### Data block
┄┄┄┄┄┄┄┄┄┄┄┄┄┄┄┄┄┄┄┄
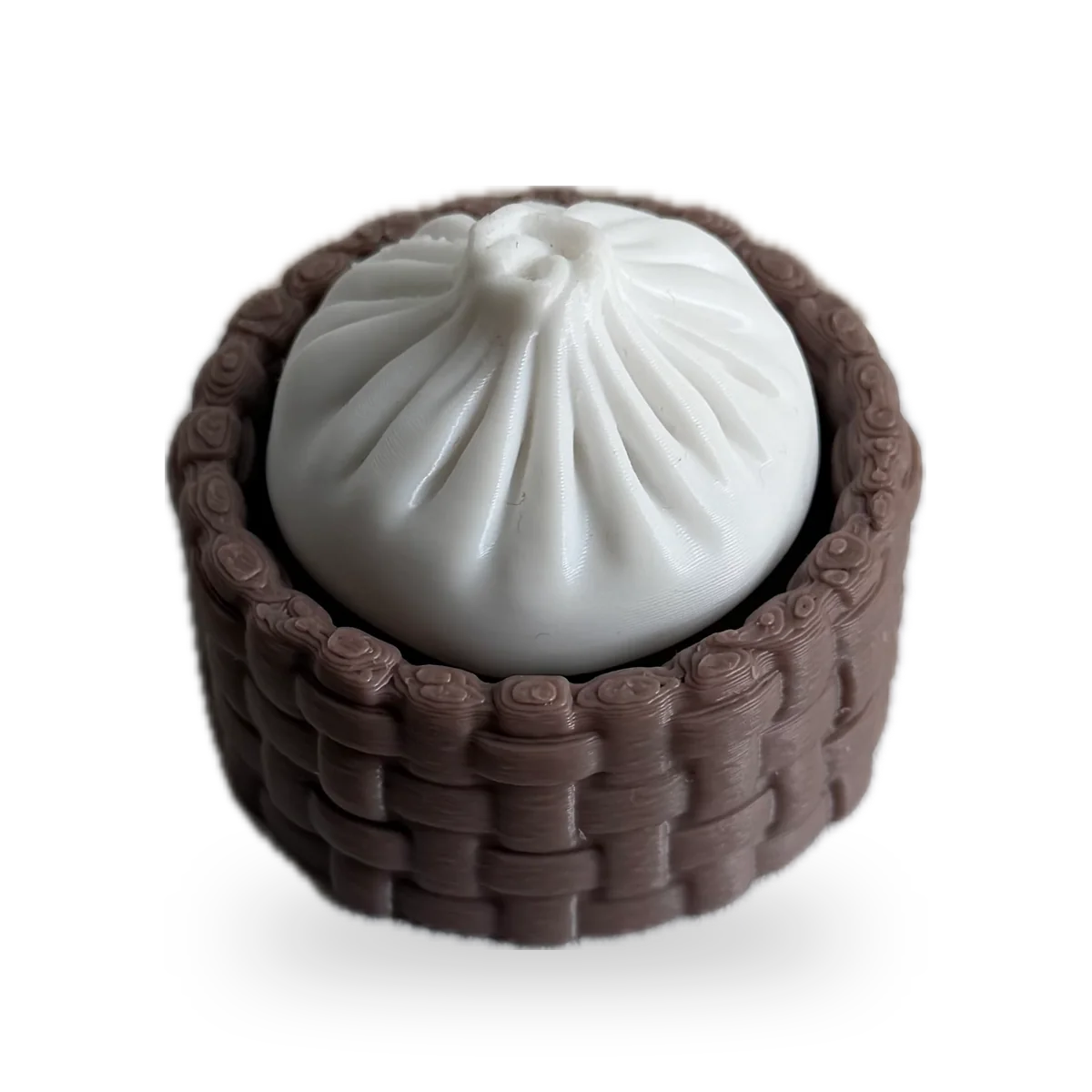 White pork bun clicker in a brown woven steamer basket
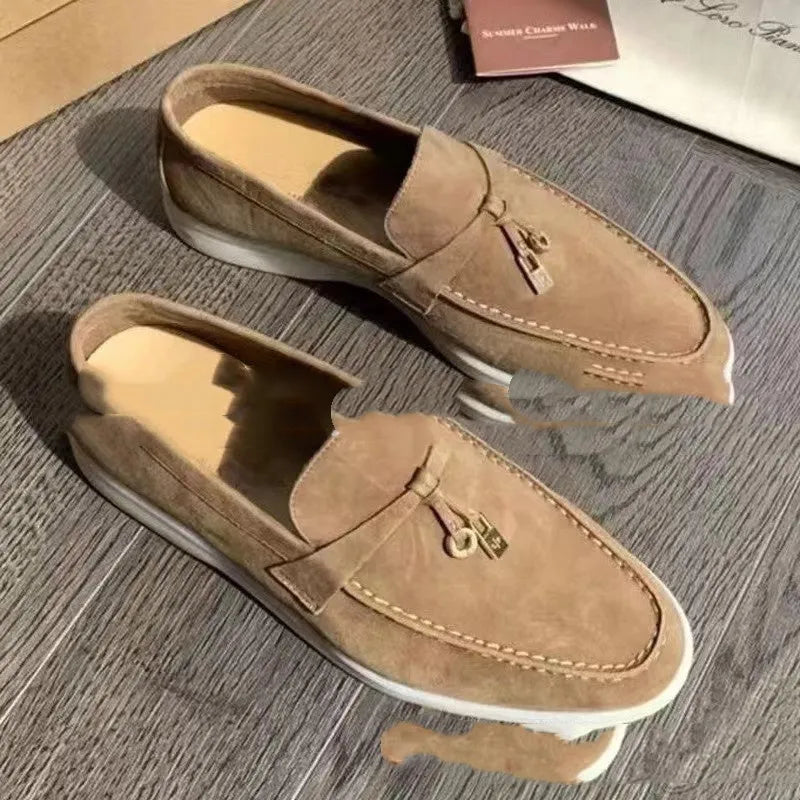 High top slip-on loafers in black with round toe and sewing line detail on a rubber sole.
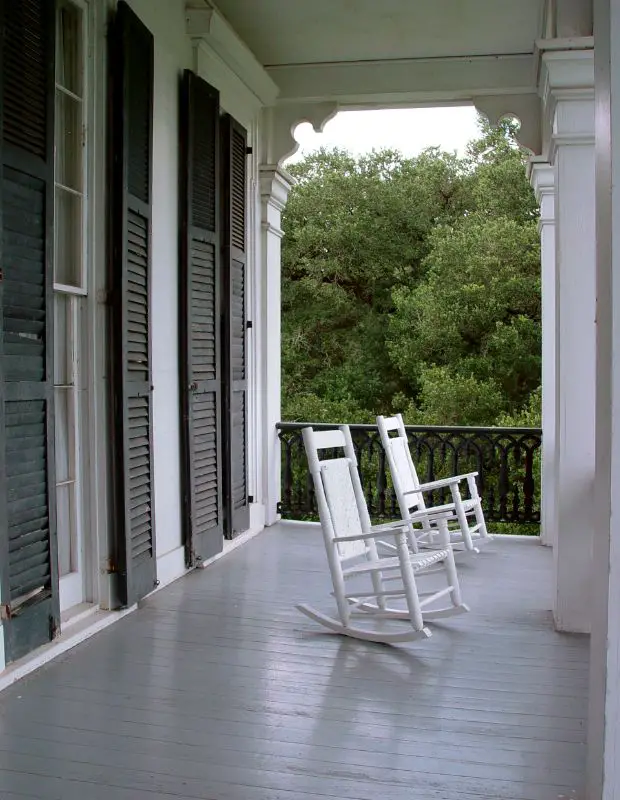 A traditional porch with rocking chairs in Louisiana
┄┄┄┄┄┄┄┄┄┄┄┄┄┄┄┄┄┄┄┄
### Directions
For this exercise, write out the listing verbatim and leave every image out.

### Task output
 White pork bun clicker in a brown woven steamer basket
 High top slip-on loafers in black with round toe and sewing line detail on a rubber sole.
 A traditional porch with rocking chairs in Louisiana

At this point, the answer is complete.